Prove that there is no injection from $\Bbb{R}$ to $\Bbb{N}$.

Question

Knowing that there is no surjection from $\Bbb{N}$ to $\Bbb{R}$, I also know that there is no injection going the other way.

I know how to prove that there is no injection from the power set of $S$ to $S$, but how can I prove that there is no injection from $\Bbb{R}$ to $\Bbb{N}$?

(I would, of course, be happy with showing no injection from $(0,1)$, or any other interval to $\Bbb{N}$.)

[EDIT] I usually prove that cardinality of $\mathcal{P}(S)$ is greater than that of $S$ by showing that any function $f: S \to \mathcal{P}(S)$ fails to be surjective. This is done by showing that there is no $s \in S$ for which $f(s) = {\{ s\in S | s \notin f(s) \}}$.

It is possible instead to show that any function $f:\mathcal{P}(S) \to S$ fails to be injective by showing that the image of $T = \{s \in S| \exists U \left( f(U)=s \land s \notin U \right) \}$ must be the image of two elements of $\mathcal{P}(S)$.

I would like to replace the usual diagonal proof that any function $\Bbb{N} \to (0,1)$ fail to be surjective with a proof that any function $f:(0,1) \to \Bbb{N}$ fails to be injective. (Or that any function $f:\Bbb{R} \to \Bbb{N}$ fails to be injective.)

Answer 1

Schröder–Bernstein theorem:

If there exist injective functions $f : A \to B$ and $g : B\to A$ between the sets $A$ and $B$, then there exists a bijective function $h : A \to B$.

Your $A$ and $B$ are $\Bbb{N}$ and $\Bbb{R}$.

Answer 2

"I know how to prove that there is no injection from the power set of $S$ to $S$, but how can I prove that there is no injection from $\mathbb R$ to $\mathbb N$?"

Using binary decimal expansions of real numbers, you can show that there is an injection $(0,1)$ to $\mathcal P(\mathbb N)=2^\mathbb N$ with image whose complement is a countable set. Using the elementary fact you have above, this should be enough information to proceed directly, without appealing to the Cantor-Shroeder-Bernstein theorem.

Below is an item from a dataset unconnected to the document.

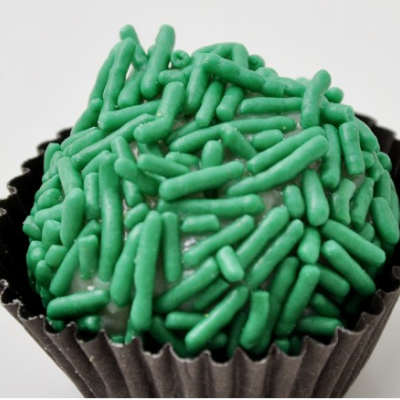 Doce brigadeiro verde em forminha preta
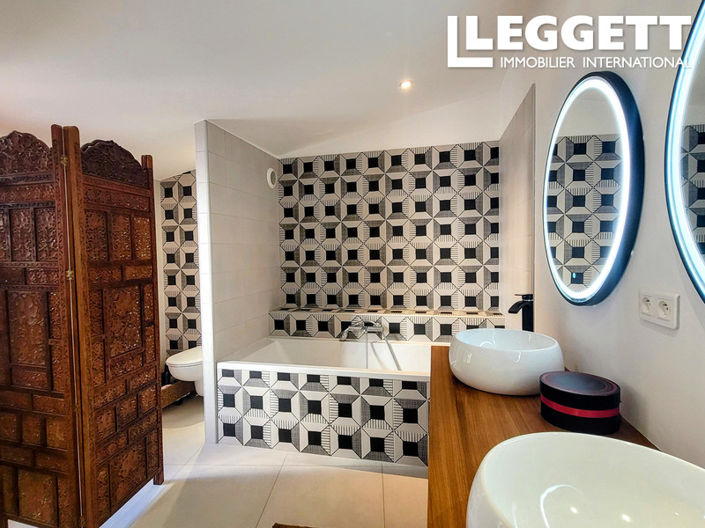 Image No.7-4 Bed House for sale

UPDATE: I see your edit, and I think this answers your question better. Any injection $(0,1) \rightarrow \mathbb N$ will admit a partial inverse $M\rightarrow (0,1)$ where $M$ is some subset of $\mathbb N$. Then you can use that any infinite subset of $\mathbb N$ is in bijection with $\mathbb N$ (or prove from first principles of induction using the fact that $\mathbb N$ is well ordered). Then use your previous knowlegde of the diagonal proof that $\mathbb N$ does not inject into $(0,1)$, after eliminting the case that $M$ is finite.

Even if you want a direct proof, I believe some abstraction is probably helpful and the 'right' thing to do.